J’ouvre aussitôt les yeux, et je crois rêver encore en apercevant une femme près du lit de Gustave ; mais il lui parle, elle se penche vers lui ; ce n’est point une vision.

— Donne-moi ta main, lui dit-il, mets-la sur mon cœur, je croirai que tu me pardonnes. Et pendant que cette main se laissait conduire, de l’autre on me faisait signe de me taire. Je restai immobile à contempler ce charmant fantôme ; bientôt après je le vis retirer doucement la main qu’il avait posé sur le sein de Gustave, s’assurer par un regard attentif que le malade était rendormi, et s’avancer à pas lents vers une porte qui donnait sur l’escalier intérieur du pavillon.
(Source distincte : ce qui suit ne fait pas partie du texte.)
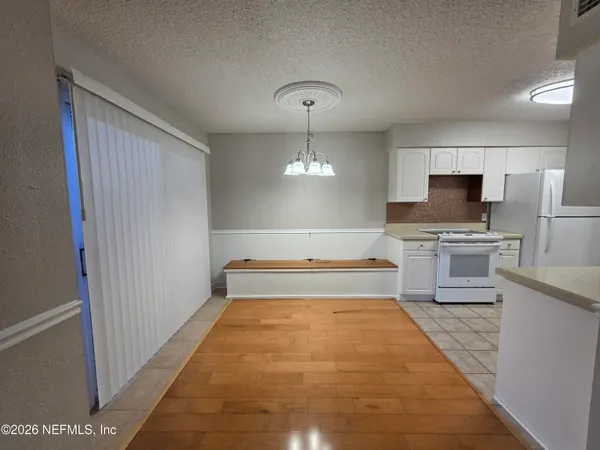 an empty room with a window and a ceiling fan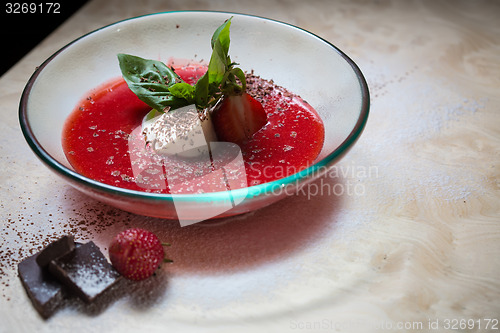 Image of strawberry soup with ice cream and mint on a plate decoratedfresh strawberries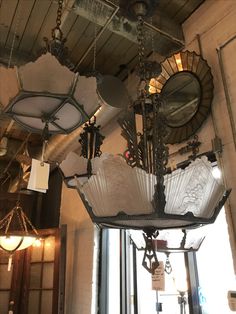 an ornate chandelier hangs from the ceiling in front of a window with mirrors on it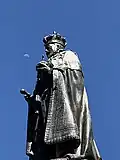 Statue of King Edward VII aligned with the daytime moon, zoomed in.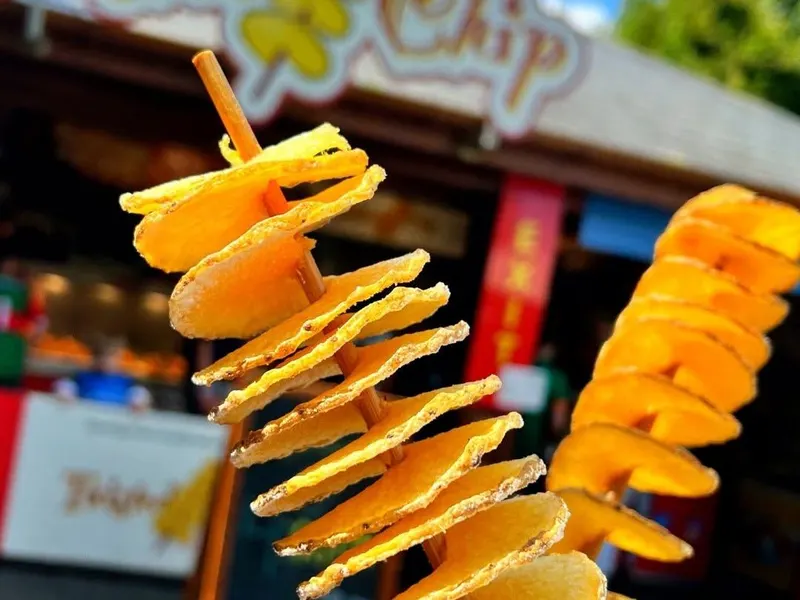 A twisted potato chip on a stick in front of the Twisted Chip stall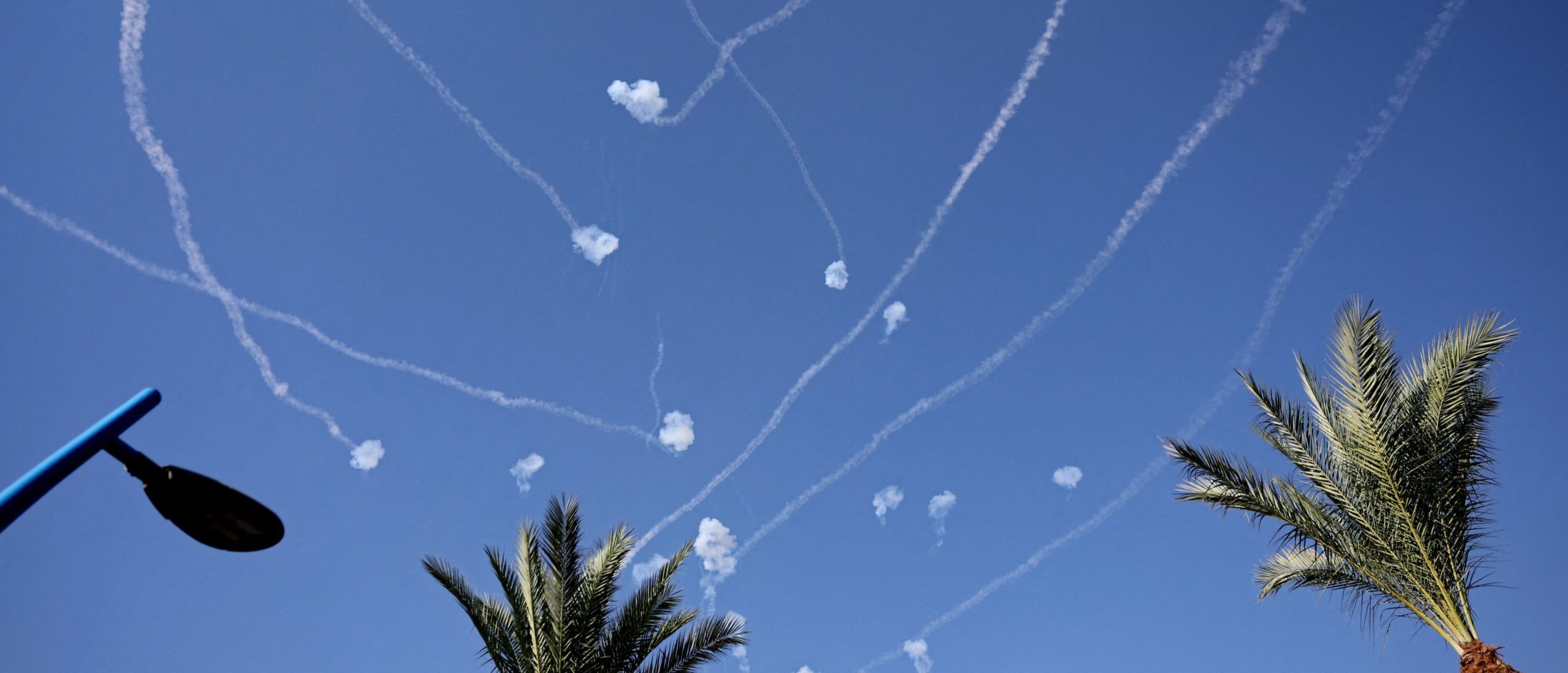 Graphic content / A picture taken from the Israeli city of Sderot shows rockets fired from the Gaza Strip intercepted by Israel's Iron Dome defence missile system on October 14, 2023, amid the ongoing battles between Israel and the Palestinian Islamist group Hamas. (Photo by THOMAS COEX/AFP via Getty Images)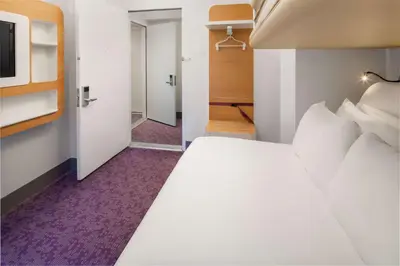 a bedroom with a large white bed and a tv at YOTEL New York Times Square in New York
Alors il s’évanouit comme une ombre et me laissa stupéfait de son apparition. J’espérais que mon maître me parlerait de cette vision, et j’attendais avec impatience son réveil, pour m’expliquer un événement sur lequel je formais différentes conjectures ; car l’obscurité où nous étions ne m’ayant pas permis de distinguer les traits de cette femme à demi voilée, je flottais entre deux noms que je craignais également de prononcer devant Gustave. Enfin il s’éveilla ; mais l’excès de sa faiblesse ne lui permettait pas de rassembler ses idées, et il ne me parla pas même de sa mère, seulement il m’appela pour me dire :

— Quelque chose me blesse, tiens, là, tout proche de ma plaie.

Présumant que c’était une des épingles qui retenaient l’appareil, je détachai la première bande, et je sentis une bague glisser dans ma main.